I served 6 years in the military (Air Force). I joined right out of high school to escape the small town I grew up in. Im from Michigan originally and I am very much a country boy. I retained my roots which include how I feel a woman should be treated.
In 2009 I separated from the AF and soon found myself in dire straights. The economy was crap, I couldn't get a job at a gas station. I pumped jet fuel onto aircraft for 6 years you would think I was qualified enough... I was behind on my mortgage, my lights and water had been turned off for 3 months. My truck got repo'd and inside the truck were my boots. It could be a country song if you think about it. Anyways, I was hurting. But I loved that point in my life for some reason, it was just simple. Sitting on the front porch while it rained outside, drinking a cheap bottle of wine. I would play my guitar while it rained and my dog would be right there with me. I loved it.

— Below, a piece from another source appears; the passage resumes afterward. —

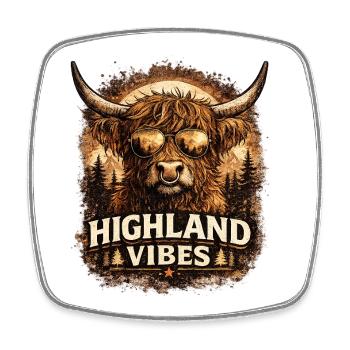 Highland Vibes in Sepia - Square fridge magnet - white - Front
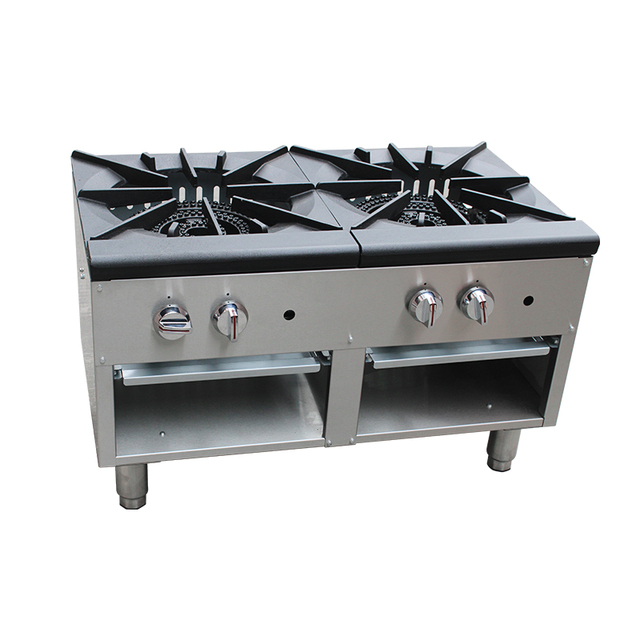 2-Burner Commercial Gas Stock Pot Range 160,000 BTU Stainless Steel Floor Standing Stove Cast Iron Grates Easy Operation Long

But alas that lifestyle got old. So I decided to randomly leave for California. There was a woman here that broke my heart 5 years earlier and I told her I was going to move out there. She liked that idea. I needed a change and I had always wanted to just randomly leave my life behind to somewhere new. The thrill of it was what I liked. But now I was actually doing it.
I bought a one way ticket and left with only what I could carry. Left my friends and family behind as well as my house.
I loved that house.
I arrived in California, stayed with my friend in the hotel room in Oceanside. Oh yeah, it was sick, I loved it! I got to see two oceans in one day. I left Charleston SC and now I live in Cali. It was exciting to say the least.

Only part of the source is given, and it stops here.